Exercise directions
Retype nothing except the lines below from the one with "The Impact of" through the one with "received_379689986313453", exactly, with images left out.

Records
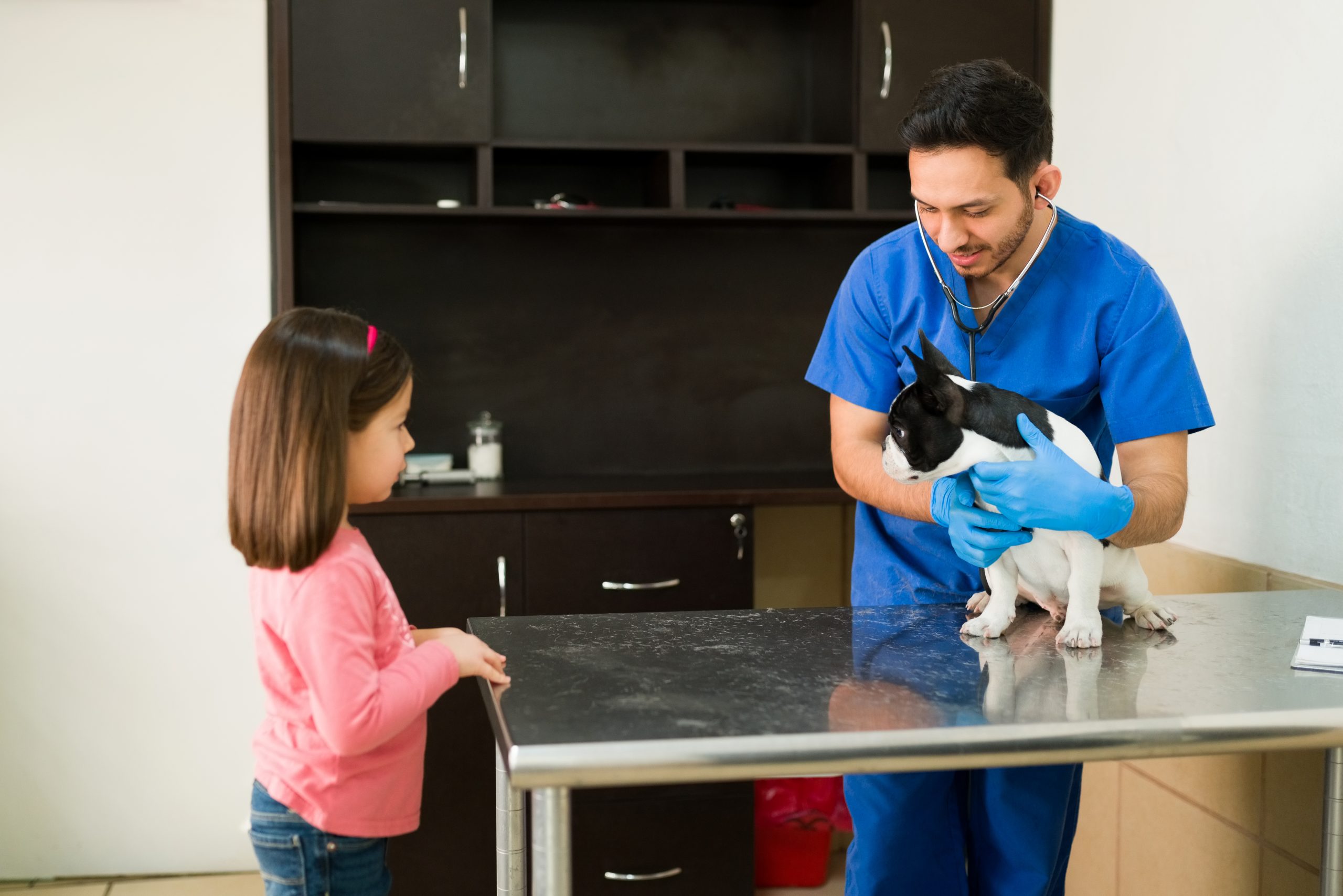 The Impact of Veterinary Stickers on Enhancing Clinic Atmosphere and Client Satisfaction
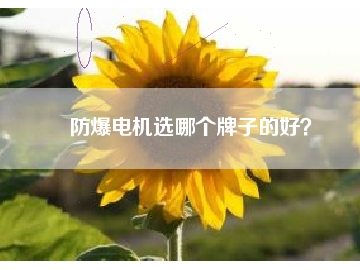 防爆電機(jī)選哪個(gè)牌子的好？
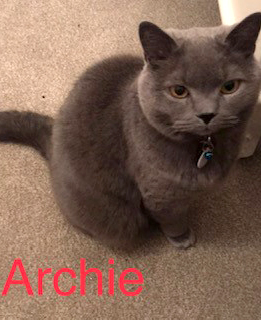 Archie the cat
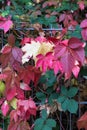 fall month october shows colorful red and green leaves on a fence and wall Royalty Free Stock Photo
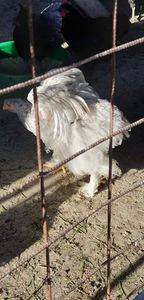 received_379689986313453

...

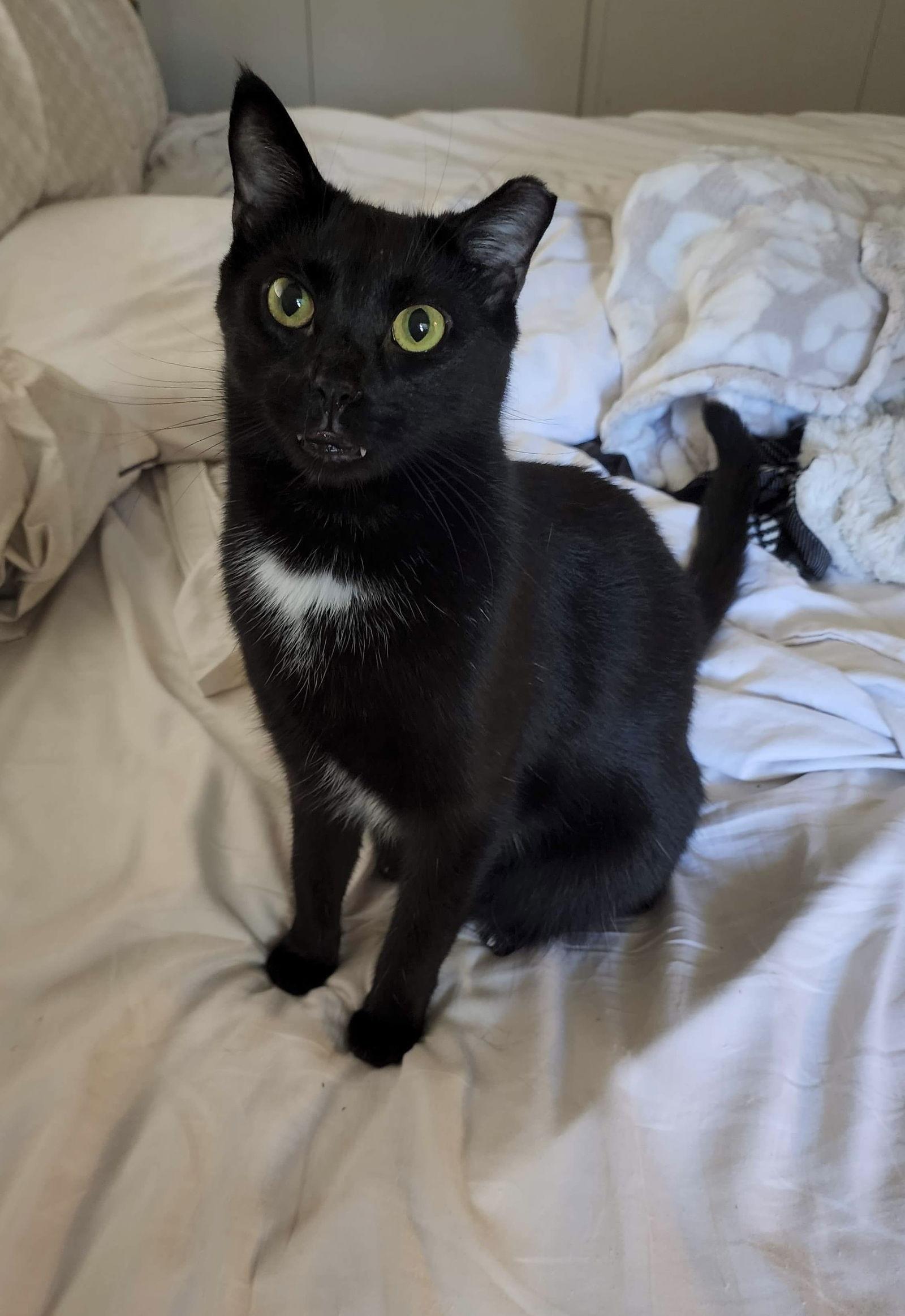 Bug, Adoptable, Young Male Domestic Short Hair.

Result
 The Impact of Veterinary Stickers on Enhancing Clinic Atmosphere and Client Satisfaction
 防爆電機(jī)選哪個(gè)牌子的好？
 Archie the cat
 fall month october shows colorful red and green leaves on a fence and wall Royalty Free Stock Photo
 received_379689986313453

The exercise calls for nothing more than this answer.